You don't stop at model accuracy.
You just don't stop there.
You have to measure the system, humans as well as machines together.
That means tracking the reduction in false positives.
It also means measuring time to drift detection.
It means calculating how quickly human feedback makes its way into retraining.
It even means surveying operator confidence because a system that humans
trust is one that they actually use effectively across multiple organizations.
Um, also, uh, let me forget, uh, not forget this.

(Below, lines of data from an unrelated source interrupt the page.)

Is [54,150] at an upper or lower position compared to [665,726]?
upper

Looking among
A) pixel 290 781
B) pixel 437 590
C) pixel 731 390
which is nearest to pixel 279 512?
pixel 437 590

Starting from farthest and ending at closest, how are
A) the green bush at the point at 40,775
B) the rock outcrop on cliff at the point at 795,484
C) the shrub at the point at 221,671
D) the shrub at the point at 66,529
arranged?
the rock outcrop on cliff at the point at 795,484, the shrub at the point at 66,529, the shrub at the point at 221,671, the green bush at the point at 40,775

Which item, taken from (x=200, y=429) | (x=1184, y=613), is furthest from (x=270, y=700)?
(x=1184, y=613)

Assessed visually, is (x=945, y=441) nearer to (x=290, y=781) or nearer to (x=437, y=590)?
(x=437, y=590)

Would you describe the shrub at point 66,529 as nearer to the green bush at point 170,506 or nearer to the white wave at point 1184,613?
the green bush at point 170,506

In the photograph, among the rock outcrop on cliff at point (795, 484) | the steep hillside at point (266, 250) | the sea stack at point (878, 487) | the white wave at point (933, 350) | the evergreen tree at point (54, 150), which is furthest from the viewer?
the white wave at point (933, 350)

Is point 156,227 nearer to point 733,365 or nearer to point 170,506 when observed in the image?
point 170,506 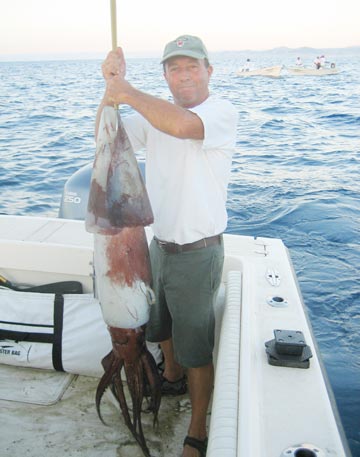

So these patterns have consistently driven around a 40% improvement
in effective performance.
Again, not because the model themselves got radically better, but
because the system just not just.
It's the system.
The collaboration between humans and machines were, was
architected more intelligently.
Let's look for.
Farther ahead.
The future of ML lops is not about squeezing humans out of the loop.
It's just about amplifying them.
Machines will continue to handle scale, speed and repetitive pattern
recognition, but humans will continue to provide oversight,
creativity, and ethical grounding.
When we design systems with that balance, we don't just get models that are a
few percentage points more accurate.
We get systems that organizations actually trust.
We get pipelines that operators can debug as well as improve.
And also let's not forget, and we get gen AI that end users feel confident depending
on, so my closing thought is this, stop thinking of humans and AI as substitutes.
Start thinking of them as co-collaborators.
This is where the real 40% uplift comes from, and that is how we build
the next generation of production ml, lops systems, systems that are
powerful, scalable, and trustworthy.
Trustworthy.
Thank you.
I.